Disease and disability cover


Dealing with a debilitating disease or accident is one of the worst things a person can go through.

In the months or years that follow, financial matters can become your biggest concern.

With disease and disability cover, you can face your future with the confidence that an unfortunate event won’t derail you financially.

“It’s hard to consider the negative things that might happen to you, but these things can have an even greater impact if you don’t have these kinds of products in place,” says Mhlanga.

“Even if you’re young and healthy, the unexpected can happen.”

Income protection


If you become ill or are retrenched, your loss of income will have a huge impact on your life and on your family’s life.

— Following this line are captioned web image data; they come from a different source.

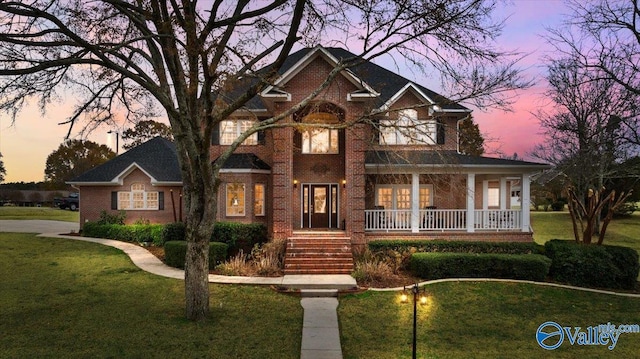 view of front of house with a yard and covered porch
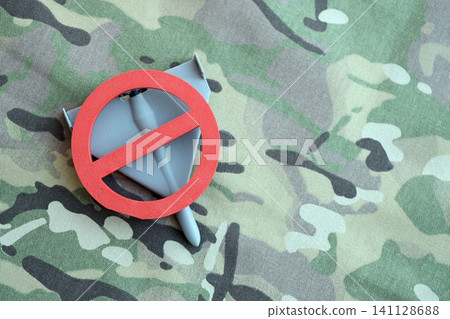 Unnamed grey toy drone and red prohibition sign on camouflage fabric. Anti-aircraft warfare Unnamed grey toy drone and red prohibition sign on camouflage fabric. Anti-aircraft warfare 141128688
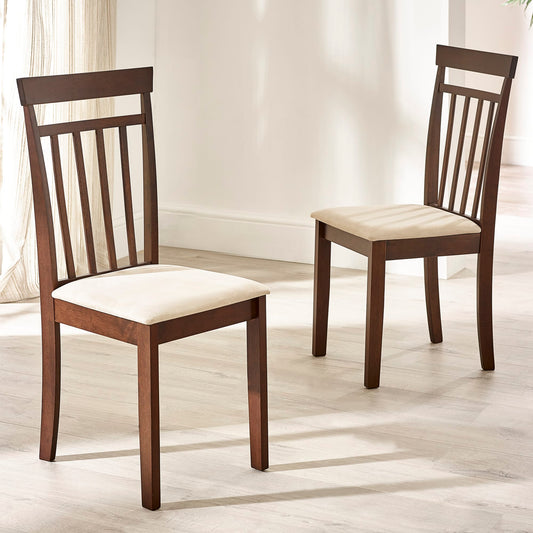 Two wooden chairs with white cushioned seats on a light wooden floor.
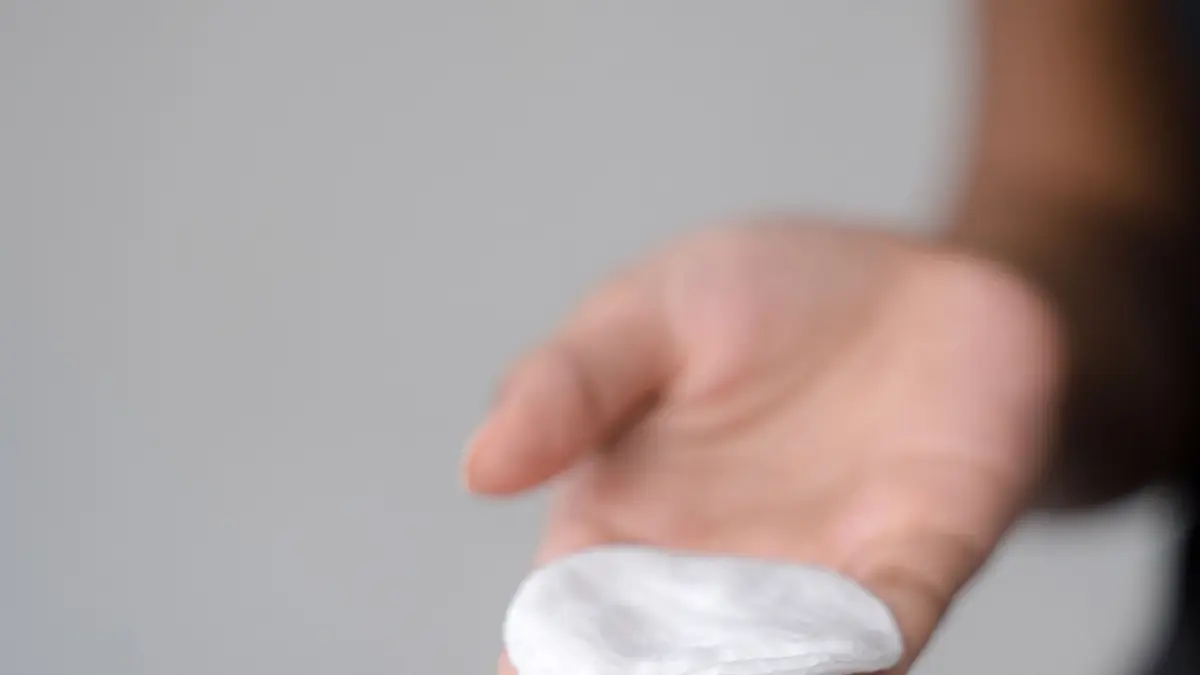 Eine Hand h&auml;lt ein saugf&auml;higes Wattepad, bereit zur Anwendung auf Pickeln, vor einem neutralen Hintergrund.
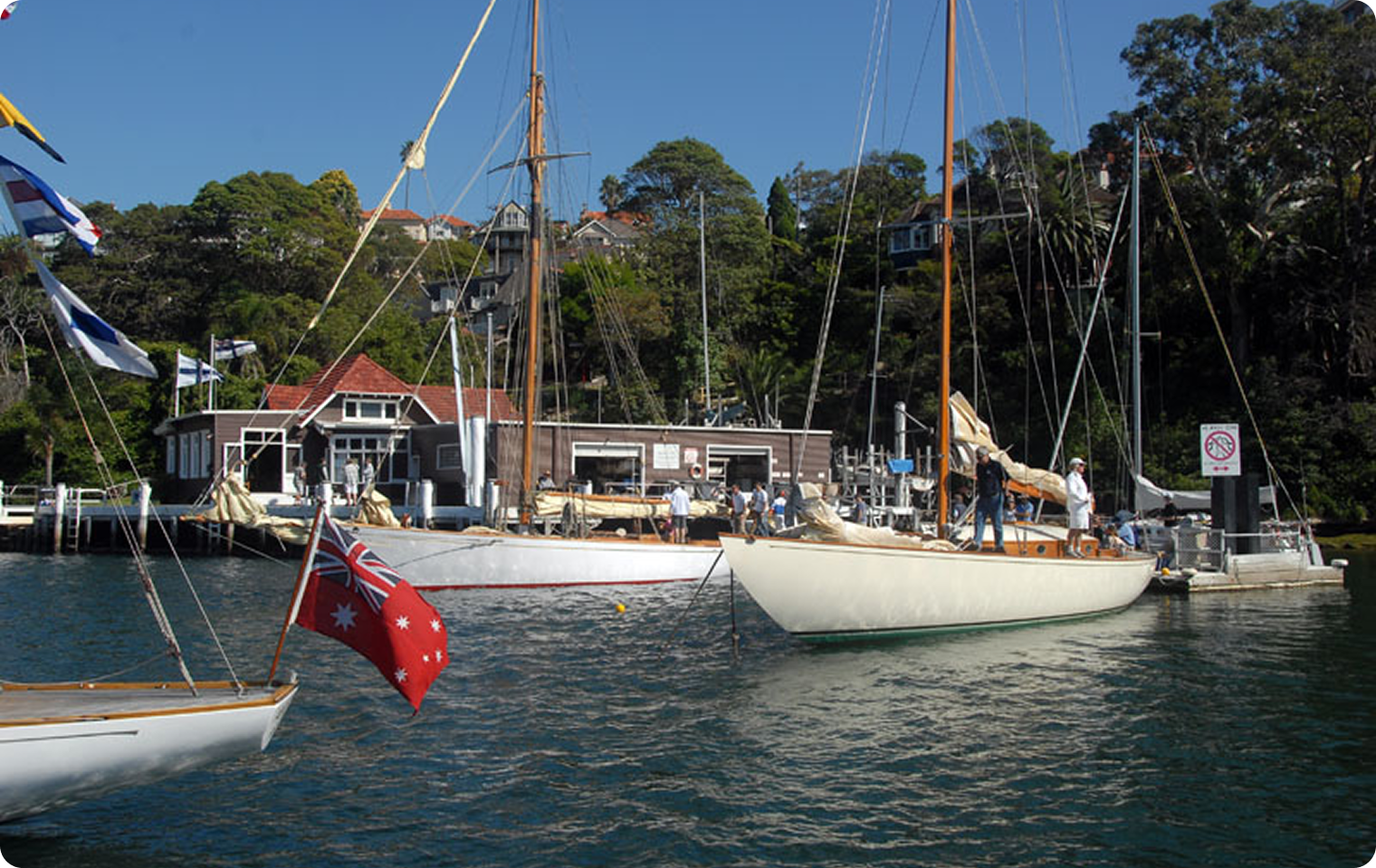 Sailing boats, including elegant Skerry Cruisers and Square Metre Yachts, are moored at a marina with people on board. A building, trees, and an Australian flag are visible. The calm water reflects the clear sky above.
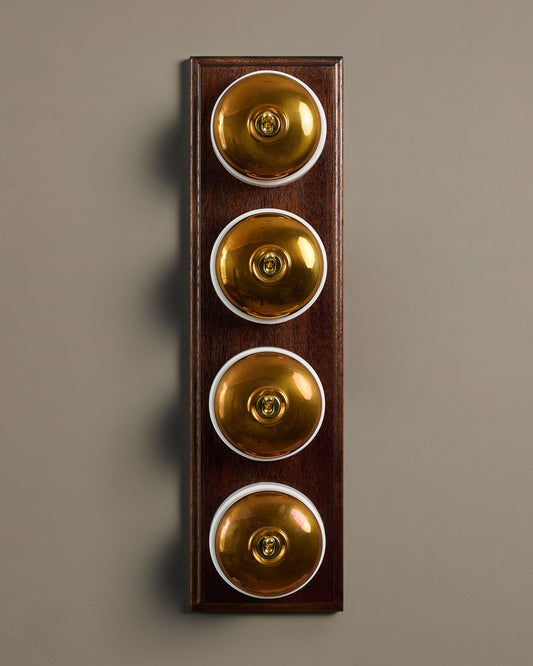 The Dolly Toggle Switch (4 Gang Row & Mahogany Finish Pattress) - Heirloom Brass with White Base.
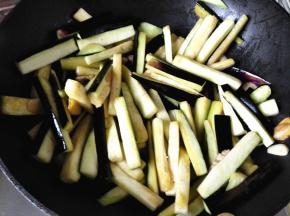8.	倒入茄条翻炒，让茄条均匀的沾到油，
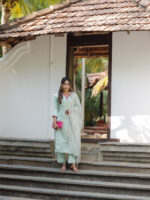 Gauri - modal satin silk kurta set with netted dupatta with hand work in pastel green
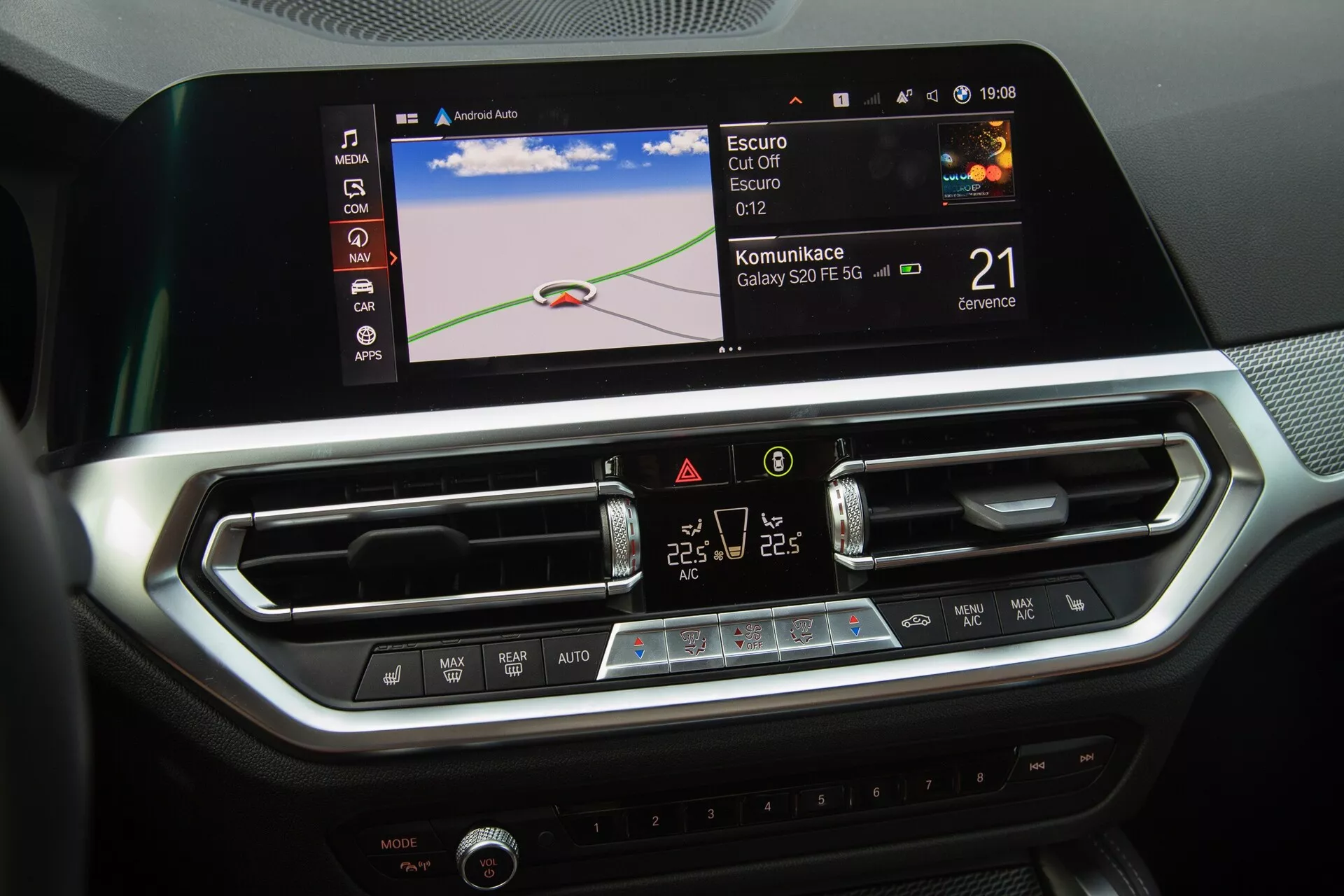La consolle centrale della BMW Serie 2 Coupé 2022 mette in evidenza il moderno sistema di infotainment e i controlli del clima della vettura. L'immagine mostra un ampio schermo touchscreen a colori che visualizza una mappa di navigazione, icone di integrazione Bluetooth o smartphone e un orologio. Sotto lo schermo ci sono due bocchette centrali dell'aria con lamelle regolabili e un elegante pannello con pulsanti touch e un display LCD per il controllo del clima a doppia zona. Il design degli interni, con accenti in metallo spazzolato e texture simili alla fibra di carbonio, riflette un ambiente lussuoso e tecnologicamente avanzato.
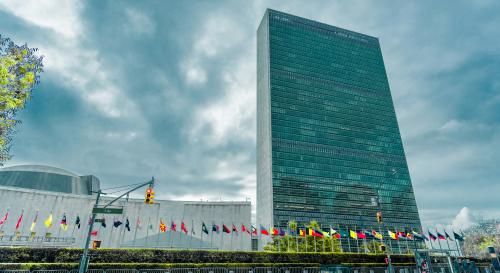 The UN main building and line of flags outside.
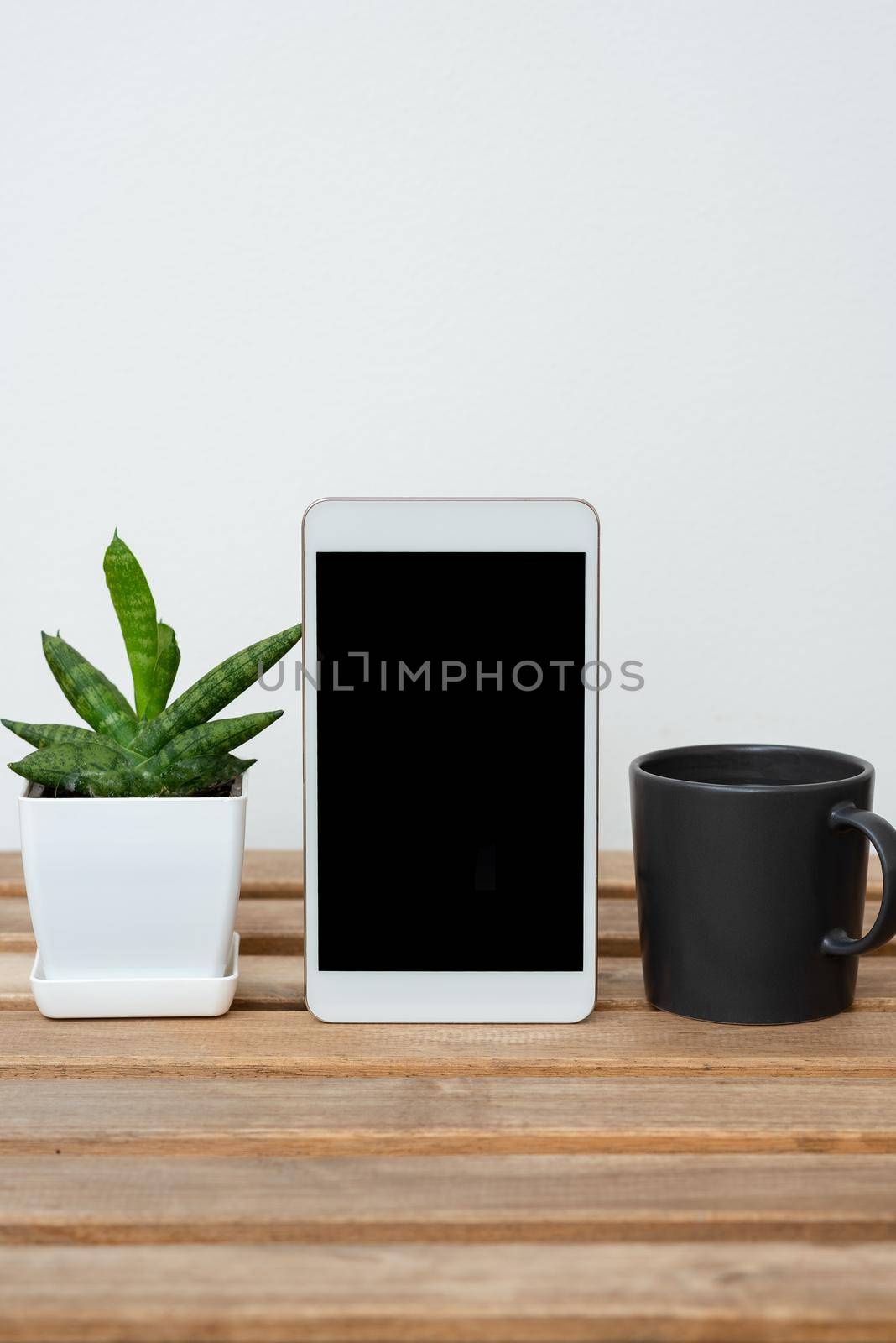 Tablet With Important Informations On Table With Plant And Cup Of Coffee. Crutial Announcements Presented On Cellphone Screen On Desk With Flower And Mug. by nialowwa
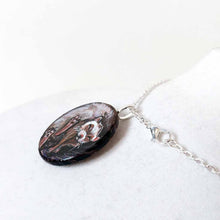 Load image into Gallery viewer, a ferret sleeping, hand painted on a circle wood disc, available as a keepsake or pendant necklace
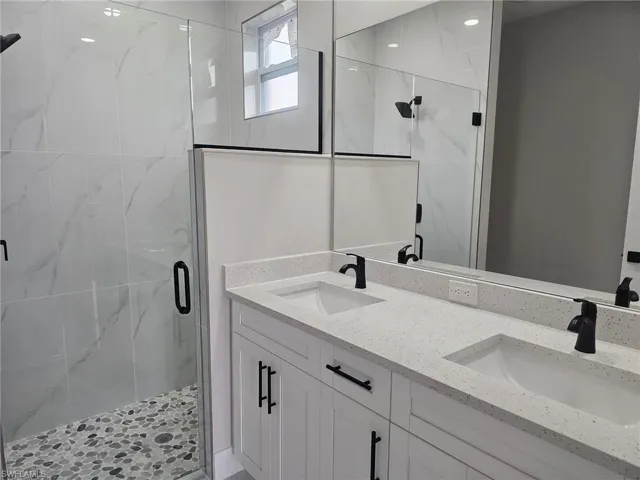 Bathroom with a shower with door and vanity
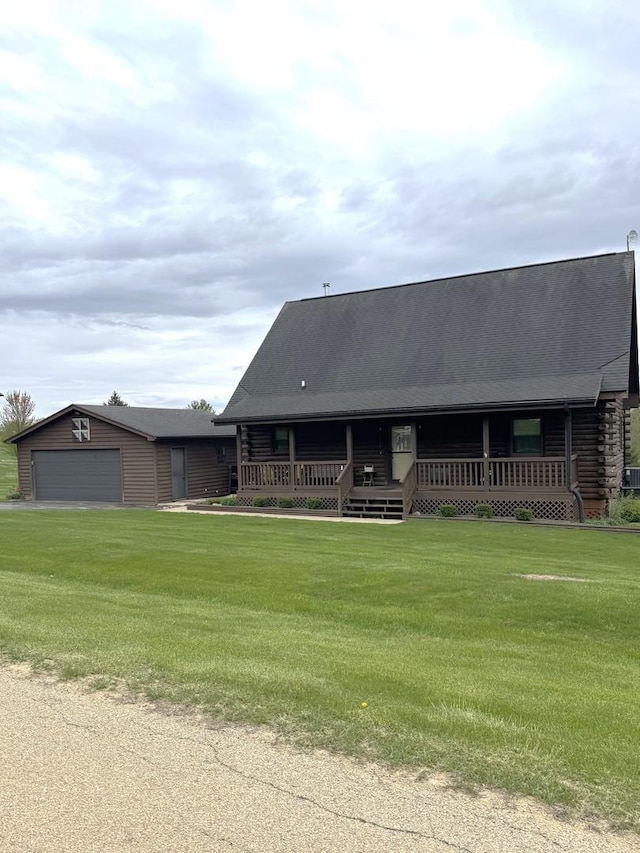 log cabin with an attached garage, an outbuilding, log siding, and a front lawn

An income protection product will mean that you don’t need to worry about this.

“A loss of income is a devastating thing to happen to anyone,” says Mhlanga.

“An income protection product will pay a portion of your income for a certain timeframe to ensure that you can recover or job hunt with no additional stresses.”

Life insurance

Not everyone needs life insurance, but if you have financial obligations that will affect your family after your death, or if your family depends on you for their livelihoods, it should be strongly considered.

“Life insurance ensures that if something happens to you, your family will be taken care of financially,” says Mhlanga.

“This is one of the most important financial commitments a person with dependants can make.”

Short-term insurance products


If you’ve spent your hard-earned cash on items like a car or expensive electronics, you’ll want to ensure that if you have an accident or are the victim of theft, you’ll be able to replace them.
 
“Speak to your broker about the right kind of insurance for the assets you have,” says Mhlanga.

Medical aid

Whether you are young or old, healthy or poorly, single or the parent of a family of five, your health is your most important asset.

Ensure that you have access to the best healthcare by purchasing medical aid or hospital cover.

“You don’t ever want to have to think about money when your health is at stake,” says Mhlanga.

“If you can afford the day-to-day medical expenses, then simply purchase a hospital plan for you and your dependants, but the more money you spend on a medical aid, the more comprehensive your cover will be.”